Non è marketing territoriale, non è brand, non è pubblicità: per noi questi slogan sono vuoti e hanno vita breve. Il nostro progetto aveva radici forti e genuine, quelle che garantiscono futuro perché si nutrono di verità autentiche e immortali.
Abbiamo coinvolto molti cittadini che nei Sassi c’erano nati e ci avevano vissuto e, dopo dialoghi e confronti fatti anche con performance attive per indagare i desideri inconsci della popolazione, i sei artisti hanno realizzato altrettante opere site specific permanenti in sei hotel: Corte San Pietro con l’artista Alfredo Pirri, Dimore dell’Idris con l’artista Dario Carmentano, Locanda San Martino con l’artista Filippo Riniolo, Hotel del Campo con l’artista Giuseppe Stampone, Hotel Sextantio con l’artista Georgina Starr e Hotel Casa Diva con l’artista Salvatore Arancio.

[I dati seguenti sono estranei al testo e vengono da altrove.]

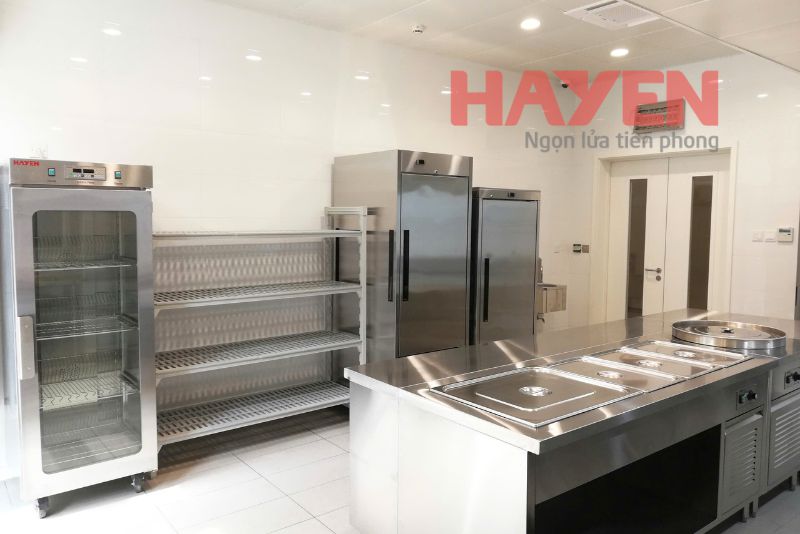 Tủ đông công nghiệp giúp bảo quản thực phẩm hiệu quả - Hình ảnh thiết bị được lắp đặt tại trường Dwight School Hanoi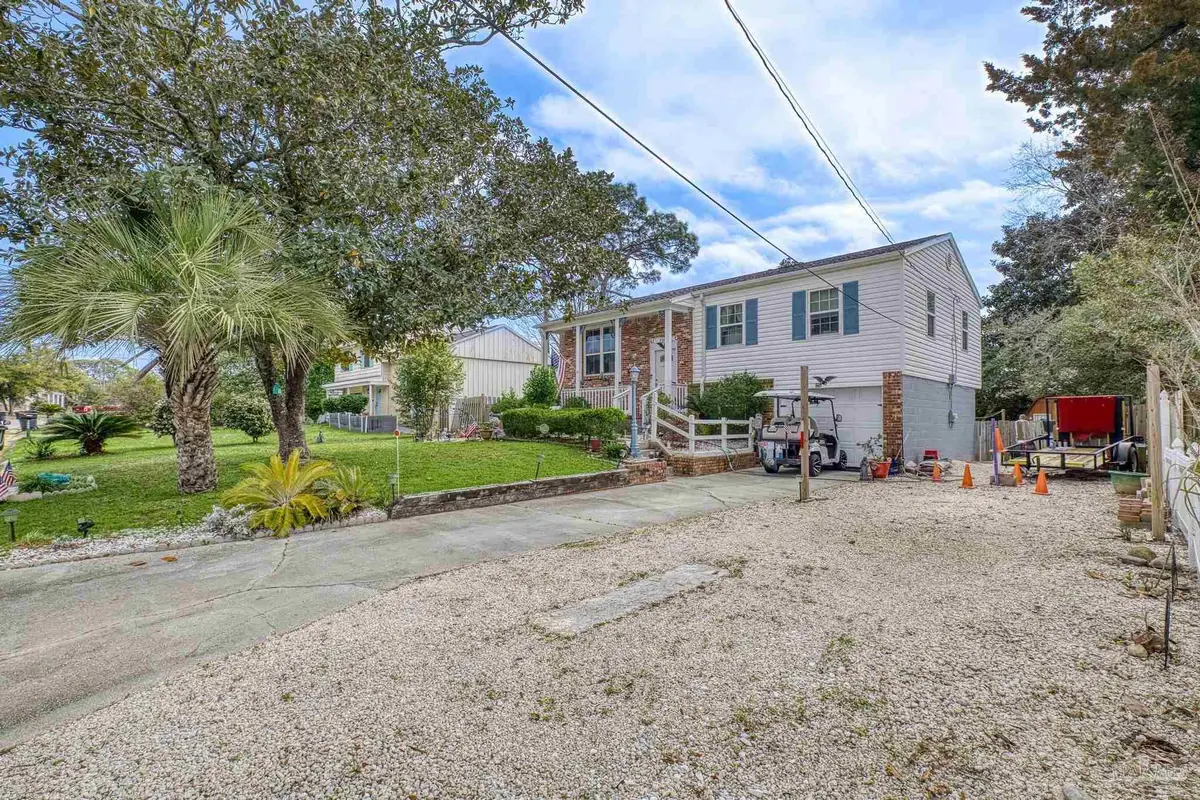 3310 Bluewater Dr, Pensacola, FL 32503 - #1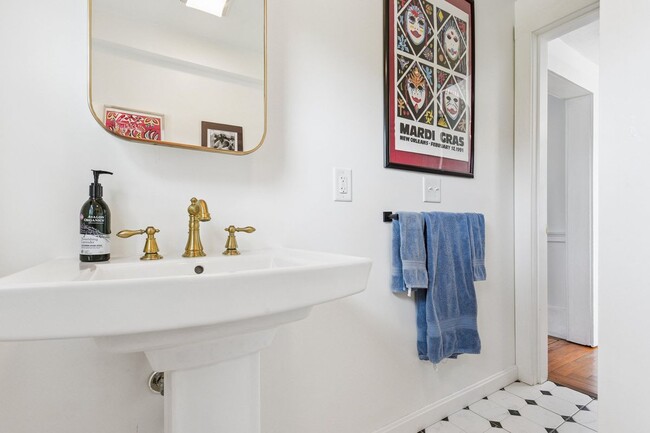 Building Photo - 42 Warren Ave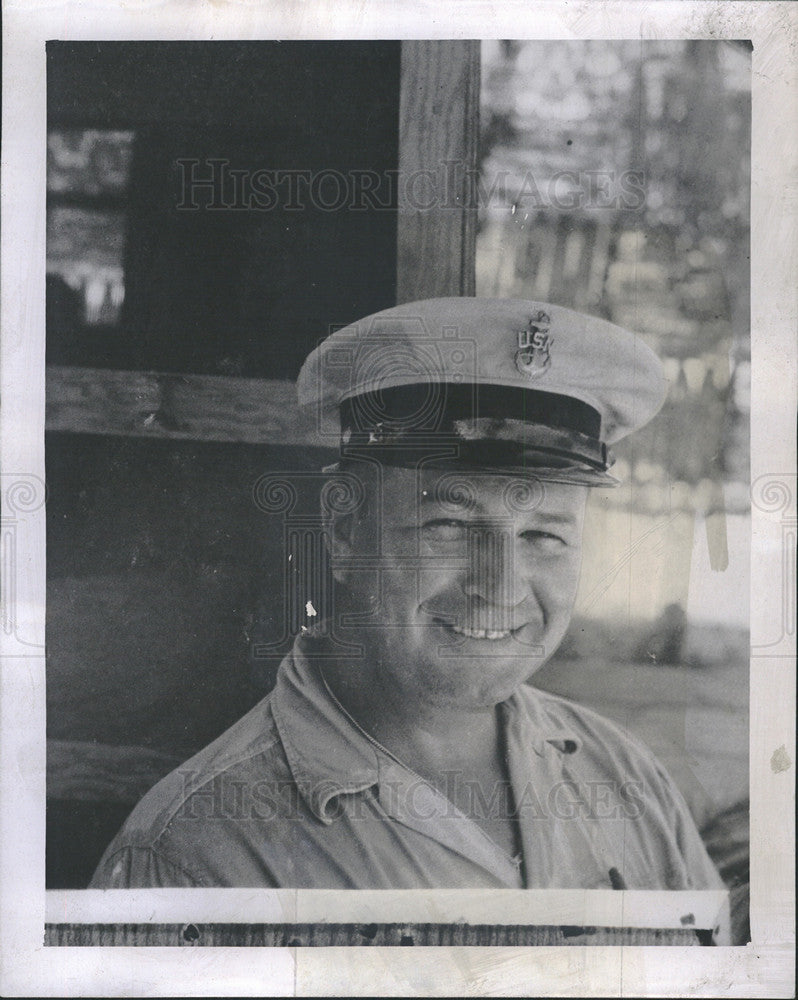 1956 Press Photo Fellow policeman honor Sgt Walter Miller on his retirement - Historic Images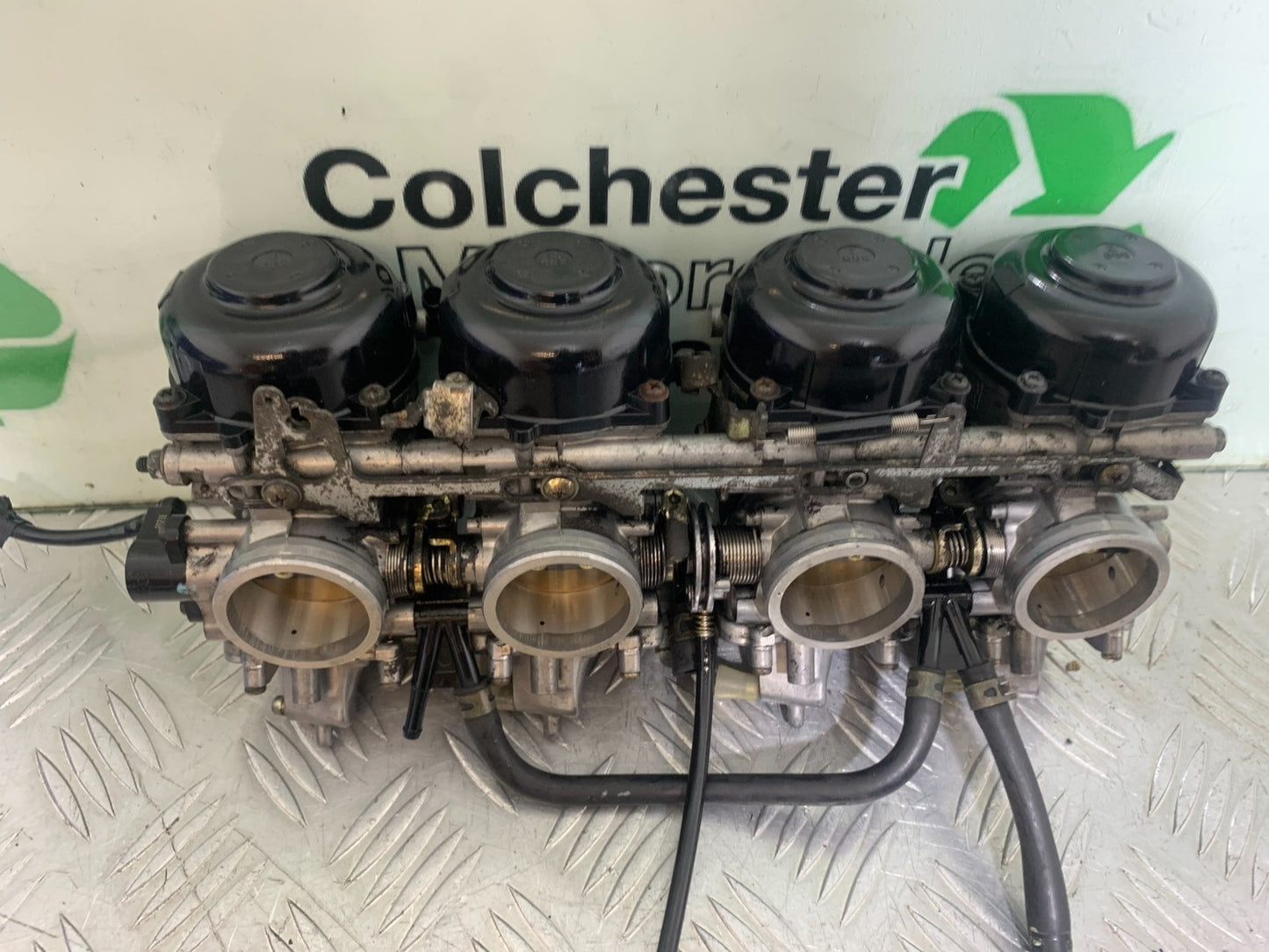 KAWASAKI ZX9R ZX9 E1 CARBS  YEAR 2000-01 (CMB1171)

Le opere permanenti hanno riportato in emersione l’idea dei vicinati nei Sassi o in luoghi dove l’hotel è simbolo di architettura antropologica; gli abitanti che nel 1952 erano stati cacciati dalle loro abitazioni scavata nella roccia hanno finalmente visto e compreso il senso del loro sacrificio. Ogni artista ha deciso come tradurre i concetti da portare in emersione scegliendo linguaggi e modalità installative, ovviamente.
Le opere hanno arricchito e aggiornato il patrimonio artistico della città e degli abitanti e sono state concepite anche per favorire incontro e dialogo tra materani e viaggiatori: un evenienza altrimenti affidata al caso.
Siamo rimasti in attesa di nuovi sponsor per realizzare altre tre opere all’Antico Convicino, a Palazzo del Duca e al residence Tra i Sassi, ma le istituzioni - nessuna esclusa - sono totalmente sorde a ogni richiamo intellettualmente evoluto.